The agency’s official position, however, is that it cannot know how the natural gas in the Massachusetts pipeline would be used, and the climate impacts are therefore not reasonably foreseeable. Thus, regulators are not obliged to make such assessments, the commission concluded.
The commission declined to comment on the case, citing the pending lawsuit.
Commissioner Richard Glick dissented from the decision to deny an appeal, saying he believes the commission’s ruling clearly ignores the precedent set by previous cases. It is, he said, inconsistent for the commission to argue it is impossible to determine the scope of greenhouse gas emissions while also saying the emissions will not have a significant environmental impact.
“That is ludicrous, unreasoned, and an abdication of our responsibility,” Glick wrote in his dissent. “A public interest determination that systematically excludes the most important environmental consideration of our time is contrary to law, arbitrary and capricious, and not the product of reasoned decisionmaking.”
Indeed, the issues in the appeal denial and the lawsuit reflect a debate that has been ongoing among energy regulators. When the Natural Gas Act — the law governing federal regulation of natural gas — was passed, the assumption was that natural gas supply was constrained, said former Commissioner Cheryl LaFleur. The goal was to ensure the scarce resource could be shared.

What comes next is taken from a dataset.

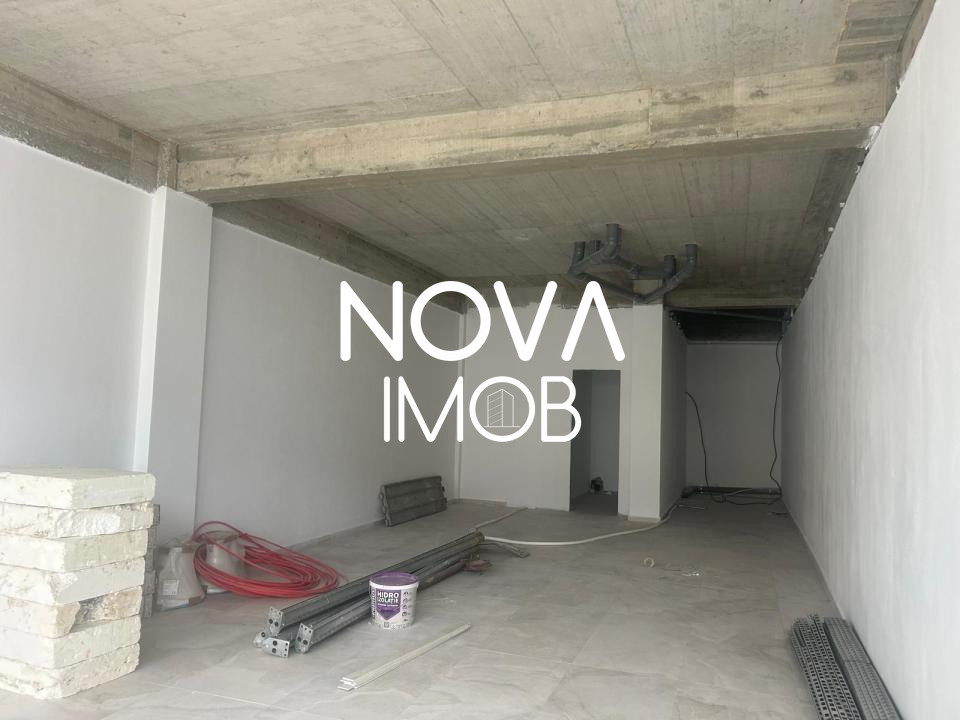 Spatiu comercial de inchiriat 120 mp - vitrina la strada - Selimbar, zona Brana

However, over the past 10 years, the boom in shale gas and increasing societal concern about climate change have changed the landscape.
Even before the 2017 case, there was growing discussion among commissioners about how the agency should assess climate impacts, LaFleur said. The commission’s official position was that downstream emissions were a matter for the states to deal with, though not all the members agreed. After the 2017 case, the majority of the commission contended that downstream emissions were inherently unforeseeable because it could not be known how the transported gas would ultimately be used, the same position it took in denying the appeal in the western Massachusetts case.

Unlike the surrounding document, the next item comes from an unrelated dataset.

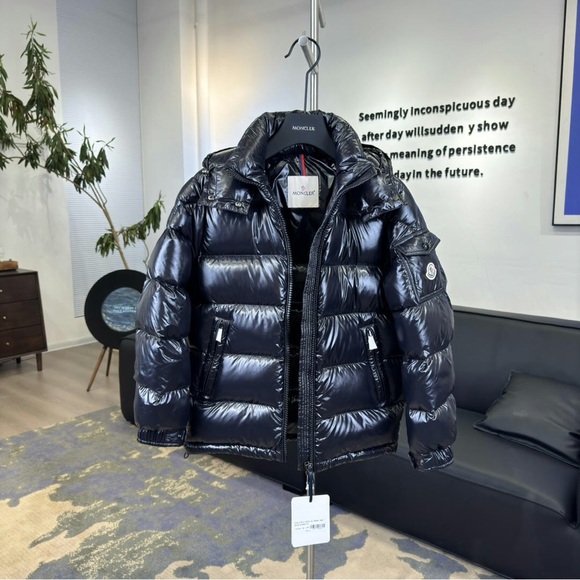 Moncler Men's Shiny Black Puffer Jacket - Picture 1 of 5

“This became, particularly the last several years, an issue of significant controversy among the commissioners,” LaFleur said. “As more and more issues came up in our cases, that became an untenable position, in my view.”

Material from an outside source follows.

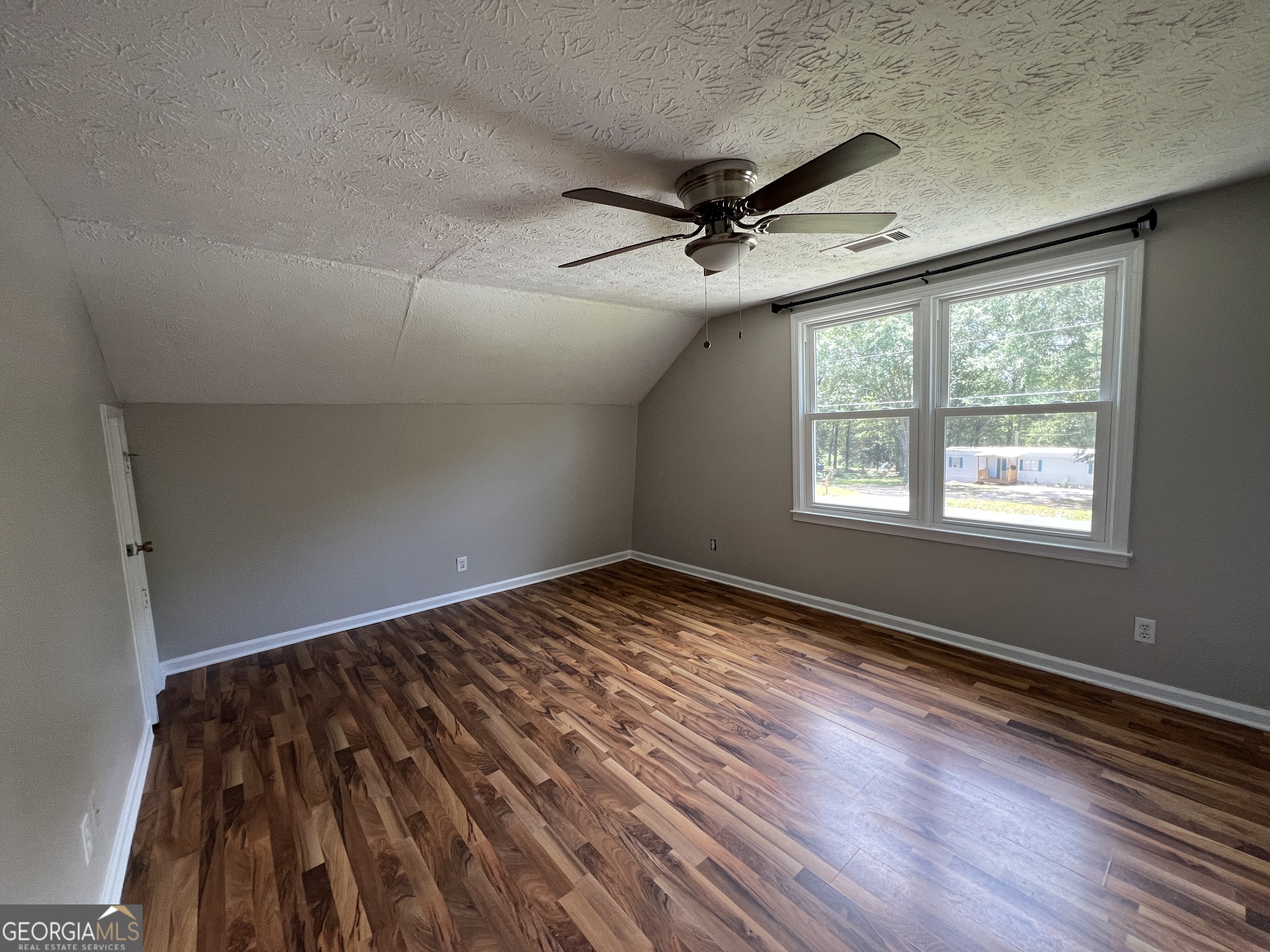 943 Grier Road Property Photo 14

For LaFleur, that approach increasingly flew in the face of the commission’s obligation to consider indirect greenhouse gas emissions and, more broadly, to make decisions in the public interest. For projects intended to serve homes, businesses, and power plants, she said, there is ample information available to calculate the potential emissions impact.
In 2018, the commission initiated an inquiry into the possibility of updating its formal pipeline policy, originally issued in 1999. The agency asked for comments on, among other things, how it assesses the potential environmental impacts of a project under its consideration. The docket, however, remains open and no new policy has yet been adopted.
The plaintiffs in the lawsuit over the Agawam pipeline hope a victory will make it explicit that the commission is required to assess downstream emissions in essentially all cases, Carlesco said. This change would ideally result in lower carbon emissions down the road. And even if the Massachusetts pipeline — or others like it — are still given the go-ahead after climate impacts are evaluated, at least the process would reflect the importance of interrogating the environmental costs of our energy choices.
The suit is now working its way through initial procedural steps in the court system. In the interim, Food & Water Watch is reaching out to groups and people who are invested in these issues to see if any have interest in joining the case or filing an amicus brief.
“It would have a broader impact on how FERC has to operate and consider what projects truly are in the public necessity,” Carlesco said.